Provided material ->
____
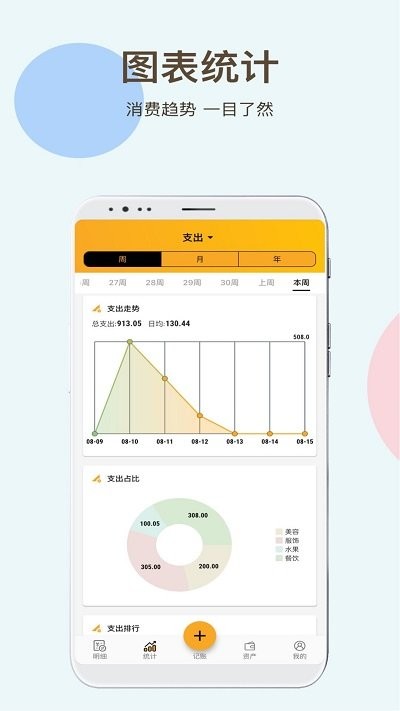 记账呀app 截图1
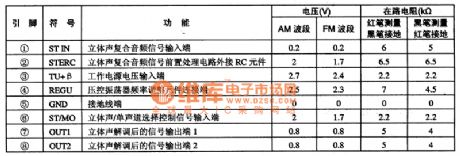 TA7373F stereo demodulation integrated circuit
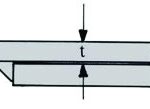 InfoSolda tab0102 Fig 07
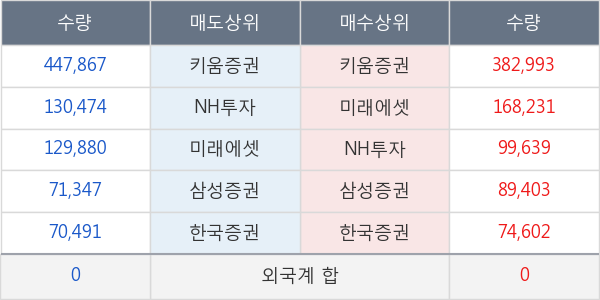 한국화장품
____
Work to be completed ->
Output the complete listing exactly. Pictures stay out.

Solution to this exercise ->
 记账呀app 截图1
 TA7373F stereo demodulation integrated circuit
 InfoSolda tab0102 Fig 07
 한국화장품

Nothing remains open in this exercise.